I was reading a friend's blog recently and she was writing about her unique experience of faith and how it may dance with other expressions of faith ~ the words 'dance' and 'faith' began to spin around in my head and heart and I was reminded how much I love to dance with my husband; how much I love to dance with my children (when they let me); and how much I love to crank the tunes and move with abandon around my living room. As much as I love the dancing, it is not always graceful or pain-free ~ sometimes the timing is off; sometimes feet get stepped on; sometimes the turns are too vigorous and there might be a fall, or at a minimum, some imbalance ~ it can be downright awkward and embarrassing. Such is my dance with Faith as well.

Faith is my, always patient and willing, but somewhat shy, dance partner. I'm sure Faith finds me incredibly frustrating ~ Faith waits for me to ask, but sometimes I just don't want to dance and then when I do, I tend to want to lead ~ Faith goes along with my way of dancing for awhile, but it is definitely awkward. (Think scenes from Seinfeld of Elaine dancing.)

It is always a blessing and the dance is transforming when I allow myself to feel the strength of  my Faith and follow when I hear the whisper, "loosen up ~ breathe ~ I've got you ~ let me lead."

Friday, July 16, 2010

Hot and Sticky

We have a no-shoe policy in our house and still it is amazing how much dust, crumbs, and detritus shows up on the hardwood floors everyday. It is summer ~ I walk around the house barefoot ~ as a result, I feel everything on the floor and it makes me crazy. I'm constantly lifting my feet up and brushing off the bottoms and then grabbing a broom to sweep up and throw away all that has irritated me in that area.  It has been hot and humid for the last week or two ~ I don't mind the heat as I am often cold and most of the time I can tolerate the humidity pretty well too, BUT... I've noticed that my wrist and arms stick to the desk when I type, and my hands and fingers stick to the granite when I lay them on the counter, and my feet... my feet not only pick up everything on the floor, but are actually sticking to the floor, creating a very unpleasant sensation as I walk from room to room. I can't shake the 'stickiness' or its' irritating quality ~ occasionally, a cool breeze will blow through the house and for a few moments the stickiness seems to dissipate, but it is only an illusion as the humidity is still very much present.

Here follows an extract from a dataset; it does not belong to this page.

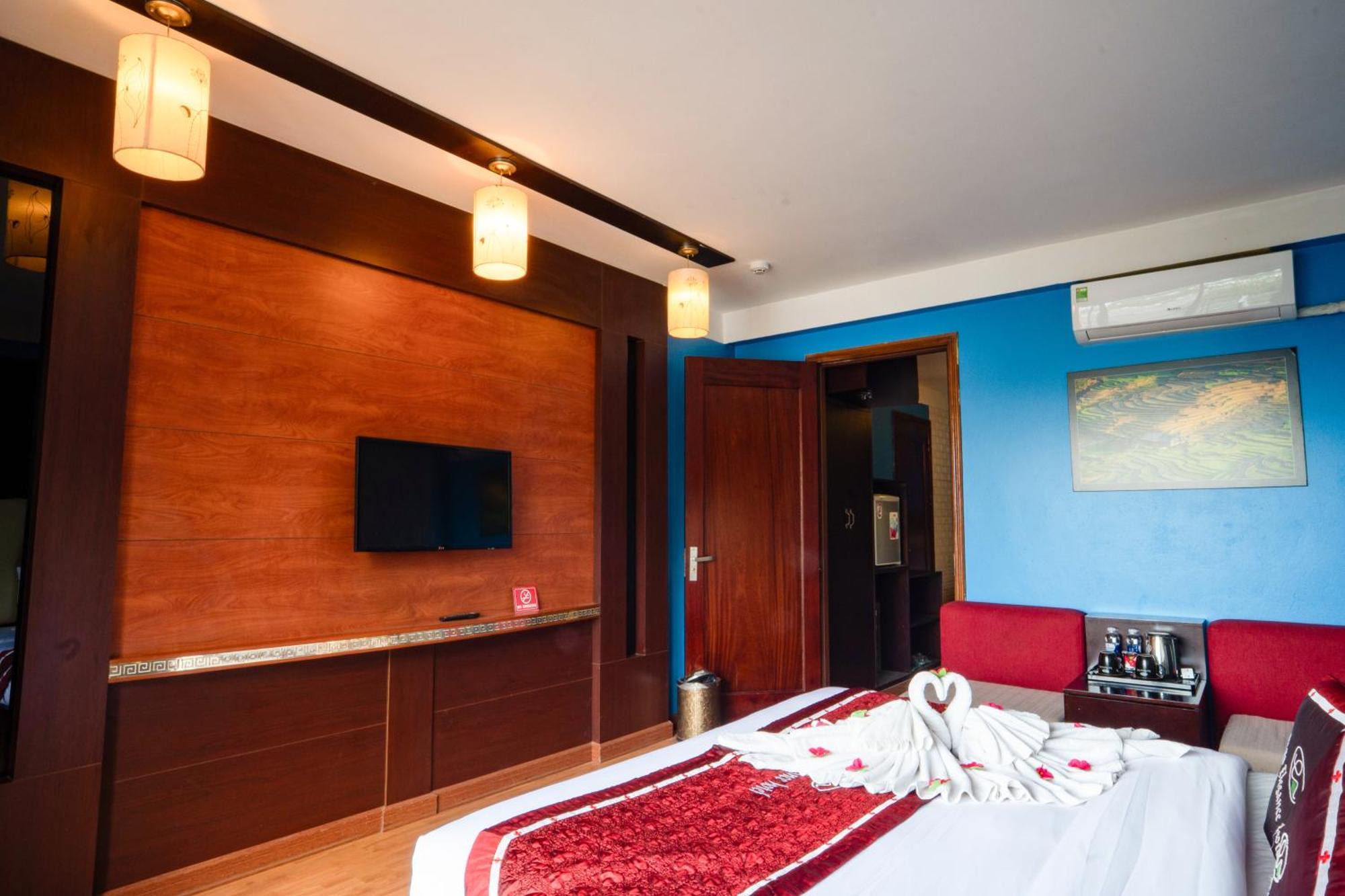 Elegance Hotel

I find this is true for certain thoughts and feelings as well. I go about my business and a thought or feeling will suddenly take hold, create pressure on my heart and become hot behind my eyes. As much as I try to sweep away my discomfort and move onto happier, more positive thoughts, this discomfort seems to have a 'sticky' quality. However, just as I am trying to be patient and wait for a big shift in the weather to blow away the humidity, I'm trying desperately to believe and have faith that at some point I will notice that something big has shifted within me as well ~ and maybe, if I'm lucky, those thoughts and feelings will have lost their 'stickiness'.

Thursday, June 24, 2010

Stewardship

It was just starting to feel a little strange ~ the idea of having no regular church meeting to attend.

I've been participating on my church's boards, teams, and committees for more years than I can quickly remember ~ I have rolled off of one commitment and moved into another rather seamlessly over the years. This past year was difficult though ~ my various commitments over stretched my tolerance and abilities to manage the busyness of my life. Needless to say, I began to look forward to rolling off the Spiritual Life & Worship Team (a team and tenure I have enjoyed immensely) and taking a year off of major church commitments.

There was a message on my answering machine ~ would I be interested in joining the Stewardship committee?

Really? I thought I had been moving under the radar of availability. It should have been easy to say, "No, I'm sorry. I need to take a year off." But, it wasn't easy and truth told, deep down, I didn't really want to say "no" and so, I didn't. Stewardship isn't just about money and committee work isn't just about church work ~ sharing faith and developing relationships are always the most compelling reasons for me to say "yes".